Tuesday, May 31, 2011

Fishing Report

Saturday I picked up a friend and we headed out to Guist Creek Lake. I wanted to find some bank fishing spots. It turns out there is really just one public access location to the bank at Guist Creek. I had suspected that we'd find more if we hunted and were willing to hike – and I still believe that, if one is willing to hoof it through underbrush, there's a pretty big area of access. It's just hard to get to.

Anyway, we fished there for 2-3 hours. He caught a small bass, and I caught a small longear sunfish (photo 1) and three small striped bass. I'd have taken photos of the bass, but they were too small to show up on camera.

I also found a Shelby County High School class ring. It had a name on it, so it should be easy to return.

In the grass I found a wire creel basket, in very good shape – looked almost new.

I also found two channel catfish on a stringer. I looked around and didn't see anyone nearby to whom they might have belonged. I pulled the catfish out of the water a checked them out. One of them was under the 12 inch limit for channel catfish at that lake (both of them might have been, but I didn't measure. The second one looked to be about a foot long). So, after waiting around to make sure there wasn't someone close by about to claim them, I released them back into the wild.

After driving around a while looking for other access spots, we decided to go to Taylorsville Lake. We parked near the dam there, and hiked down to the water a decent way from the dam. The water there was still very high, up in the timber, so it was very difficult to fish (photos 2 and 3). There was no way to cast out more than ten feet in any direction. We fished a little and ate lunch. My friend very bravely tried a rooster tail spinner, and actually managed not to lose it.

Then we decided to try hiking around the shore of the lake to find someplace easier to fish. The walk was on a steep muddy slope with lots of undergrowth (photo 4); it was very slow going, and my friend ended up hurting his knee in a fall, so we decided to go to the Salt River tailwaters nearby instead.

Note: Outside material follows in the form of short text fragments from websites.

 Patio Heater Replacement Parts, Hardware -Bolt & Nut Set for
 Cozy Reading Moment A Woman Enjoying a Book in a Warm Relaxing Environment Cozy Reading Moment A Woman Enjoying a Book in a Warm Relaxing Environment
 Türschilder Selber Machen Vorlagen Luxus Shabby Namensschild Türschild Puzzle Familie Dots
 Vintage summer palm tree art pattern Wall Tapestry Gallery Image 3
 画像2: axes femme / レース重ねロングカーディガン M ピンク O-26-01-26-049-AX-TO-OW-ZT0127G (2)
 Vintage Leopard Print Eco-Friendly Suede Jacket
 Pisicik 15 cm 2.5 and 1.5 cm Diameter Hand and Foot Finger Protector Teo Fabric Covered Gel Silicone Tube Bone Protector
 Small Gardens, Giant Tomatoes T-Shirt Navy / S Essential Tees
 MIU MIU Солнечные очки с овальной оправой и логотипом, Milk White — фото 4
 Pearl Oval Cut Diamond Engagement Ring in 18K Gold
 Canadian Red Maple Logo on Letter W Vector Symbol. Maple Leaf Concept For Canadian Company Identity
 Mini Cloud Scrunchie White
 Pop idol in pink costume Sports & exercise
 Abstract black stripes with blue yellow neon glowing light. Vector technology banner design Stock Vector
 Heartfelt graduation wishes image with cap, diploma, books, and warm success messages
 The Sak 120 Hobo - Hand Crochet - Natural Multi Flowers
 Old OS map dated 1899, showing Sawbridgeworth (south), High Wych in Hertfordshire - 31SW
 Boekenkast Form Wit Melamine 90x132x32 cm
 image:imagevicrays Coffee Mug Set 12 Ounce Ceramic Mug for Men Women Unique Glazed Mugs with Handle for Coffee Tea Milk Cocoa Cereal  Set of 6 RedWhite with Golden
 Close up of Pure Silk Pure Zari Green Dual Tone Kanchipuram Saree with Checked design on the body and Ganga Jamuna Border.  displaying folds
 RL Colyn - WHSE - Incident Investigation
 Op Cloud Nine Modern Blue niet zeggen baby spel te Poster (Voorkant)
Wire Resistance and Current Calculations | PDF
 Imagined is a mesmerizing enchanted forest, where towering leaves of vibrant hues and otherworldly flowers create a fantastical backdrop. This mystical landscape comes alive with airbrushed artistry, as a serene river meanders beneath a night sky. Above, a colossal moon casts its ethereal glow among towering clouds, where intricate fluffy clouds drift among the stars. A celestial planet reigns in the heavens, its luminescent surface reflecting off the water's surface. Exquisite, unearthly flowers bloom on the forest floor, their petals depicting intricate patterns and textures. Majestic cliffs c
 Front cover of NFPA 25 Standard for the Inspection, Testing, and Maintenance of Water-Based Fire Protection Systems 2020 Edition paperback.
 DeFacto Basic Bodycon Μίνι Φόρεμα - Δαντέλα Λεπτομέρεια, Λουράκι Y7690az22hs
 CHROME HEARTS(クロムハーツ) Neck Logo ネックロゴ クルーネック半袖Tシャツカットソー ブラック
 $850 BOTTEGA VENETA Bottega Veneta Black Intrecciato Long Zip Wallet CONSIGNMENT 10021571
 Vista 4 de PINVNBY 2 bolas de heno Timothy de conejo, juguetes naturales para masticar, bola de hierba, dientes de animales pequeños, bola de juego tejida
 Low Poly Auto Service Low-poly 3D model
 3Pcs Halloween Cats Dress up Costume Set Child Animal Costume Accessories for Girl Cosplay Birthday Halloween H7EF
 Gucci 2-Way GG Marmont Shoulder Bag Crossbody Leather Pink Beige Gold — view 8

The tailwater area was much more accessible and we spent the rest of the day there. While tying a hook on my line as I knelt in the grass, my friend walked over and pointed out a snake there was just a few feet away. (photo 5). It was holding very still, and was so close that we might have easily stepped on him. I got his photo and then shoed him away. I don't know what he was; maybe a black racer?

I caught a largemouth bass at the tailwaters (photos 6 and 7). He was much bigger in person, I swear!

Wednesday, May 25, 2011


I'm excited about fishing this weekend.  I'll be picking up Chet, with whom I used to go fishing pretty frequently, early Saturday morning.  We're planning on going out to Guist Creek Lake to explore bank fishing spots.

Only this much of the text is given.